* EXERCISE:
Every line from the one holding "Woman in white outfit relaxing on a lounger" to the end of the entries should be repeated exactly, with the pictures left out.

* STUDY MATERIAL:
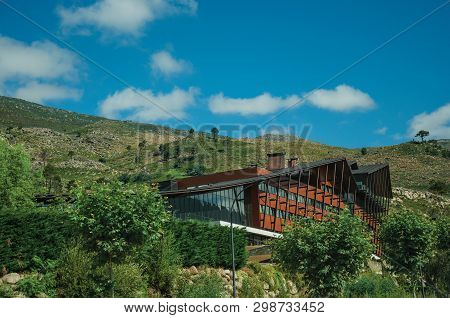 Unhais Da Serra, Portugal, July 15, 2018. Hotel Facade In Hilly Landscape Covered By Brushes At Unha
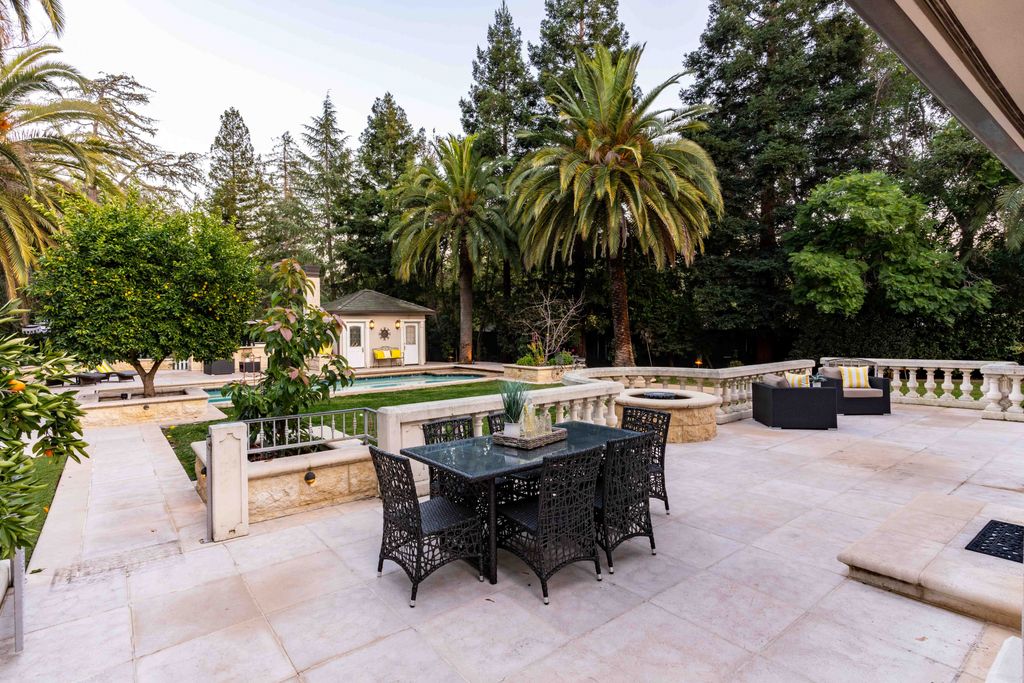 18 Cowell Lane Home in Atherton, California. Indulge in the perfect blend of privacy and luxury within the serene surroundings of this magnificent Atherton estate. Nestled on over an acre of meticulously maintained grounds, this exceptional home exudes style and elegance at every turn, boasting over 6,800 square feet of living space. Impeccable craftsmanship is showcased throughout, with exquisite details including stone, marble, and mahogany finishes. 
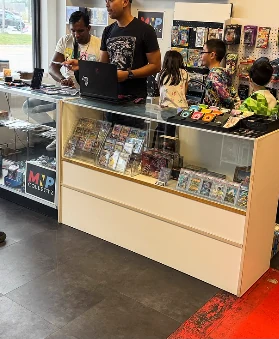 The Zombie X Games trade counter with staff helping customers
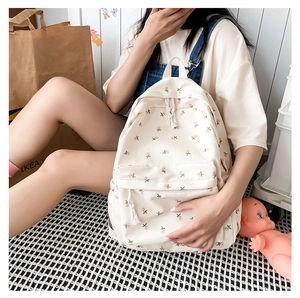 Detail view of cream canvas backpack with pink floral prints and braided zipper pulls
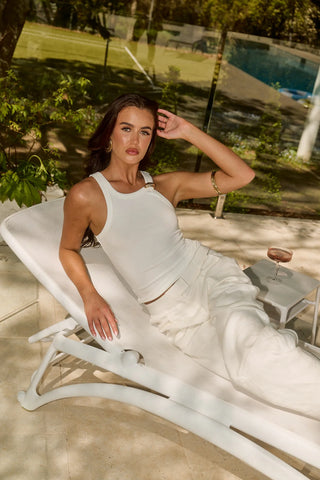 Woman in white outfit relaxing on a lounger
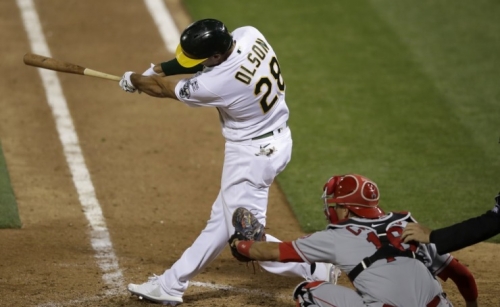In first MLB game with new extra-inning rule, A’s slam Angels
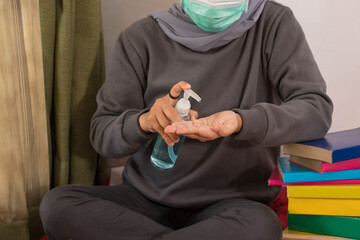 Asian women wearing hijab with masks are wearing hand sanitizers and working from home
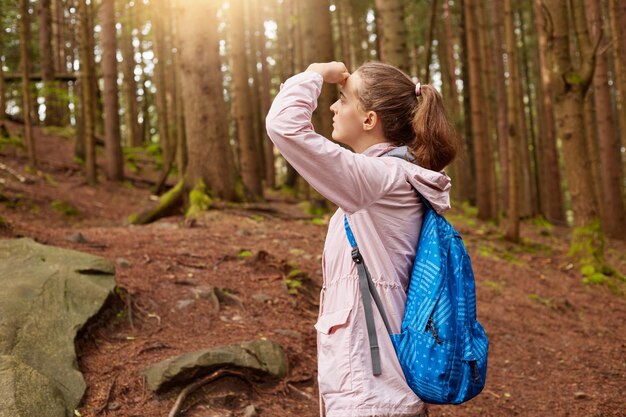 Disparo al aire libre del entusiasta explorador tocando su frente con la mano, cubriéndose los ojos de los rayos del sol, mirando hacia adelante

* OUTPUT OF THE TASK:
 Woman in white outfit relaxing on a lounger
In first MLB game with new extra-inning rule, A’s slam Angels
 Asian women wearing hijab with masks are wearing hand sanitizers and working from home
 Disparo al aire libre del entusiasta explorador tocando su frente con la mano, cubriéndose los ojos de los rayos del sol, mirando hacia adelante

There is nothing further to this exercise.